Applying a partial password in a multi-factor authentication scheme

摘要

A method includes transmitting a User ID and a full Password of a user of a client device to a server via the client device, and then establishing a network connection between the client device and the server after the User ID and the full Password. The method also includes receiving, from the server via the client device, an encrypted secret PIN (ESPIN) and a challenge for corresponding positions of a Partial Password, entering the Partial Password via the client device, and computing a secret PIN (SPIN) from the ESPIN via the client device in response to a correct entry of the Partial Password. The Additional Factor is unlocked using the SPIN, and the unlocked Additional Factor is transmitted to the server to request authentication of the user of the client device.
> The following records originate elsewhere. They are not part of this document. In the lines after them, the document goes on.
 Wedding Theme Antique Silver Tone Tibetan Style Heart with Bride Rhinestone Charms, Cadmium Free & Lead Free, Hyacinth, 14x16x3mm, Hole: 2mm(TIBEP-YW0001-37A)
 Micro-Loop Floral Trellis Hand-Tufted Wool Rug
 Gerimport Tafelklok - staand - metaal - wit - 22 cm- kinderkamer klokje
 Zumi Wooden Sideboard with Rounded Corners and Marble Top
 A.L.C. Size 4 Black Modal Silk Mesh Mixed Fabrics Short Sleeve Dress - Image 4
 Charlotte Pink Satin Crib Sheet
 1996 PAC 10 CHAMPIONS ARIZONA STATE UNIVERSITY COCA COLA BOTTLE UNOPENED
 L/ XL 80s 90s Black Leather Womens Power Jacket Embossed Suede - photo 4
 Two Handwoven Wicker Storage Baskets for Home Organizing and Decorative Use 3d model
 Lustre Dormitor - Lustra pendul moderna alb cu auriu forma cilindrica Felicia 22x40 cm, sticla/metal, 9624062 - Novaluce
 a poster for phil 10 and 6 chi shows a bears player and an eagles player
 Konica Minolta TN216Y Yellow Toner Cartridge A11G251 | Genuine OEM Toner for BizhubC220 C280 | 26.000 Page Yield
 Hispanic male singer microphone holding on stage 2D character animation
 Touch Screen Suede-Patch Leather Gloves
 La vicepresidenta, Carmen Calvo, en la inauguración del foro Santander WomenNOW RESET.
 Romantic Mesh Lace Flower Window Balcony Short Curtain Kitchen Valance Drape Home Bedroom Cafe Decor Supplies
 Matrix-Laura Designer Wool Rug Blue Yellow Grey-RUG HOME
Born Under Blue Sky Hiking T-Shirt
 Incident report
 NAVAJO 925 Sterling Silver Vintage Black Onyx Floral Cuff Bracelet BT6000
The client device includes a processor and memory having instructions for the above method.

主权项

1. A method comprising:
transmitting a User ID and a full Password of a user of a client device to a server via the client device; establishing a network connection between the client device and the server after transmitting the User ID and the full Password; receiving, from the server via the client device, an encrypted secret PIN (ESPIN) and a challenge for corresponding positions of a Partial Password; receiving the Partial Password via the client device; computing a secret PIN (SPIN) from the ESPIN via the client device in response to a correct entry of the Partial Password into the client device; unlocking, via the client device, an Additional Factor using the SPIN; and transmitting the unlocked Additional Factor to the server to request an authentication by the server of the user of the client device.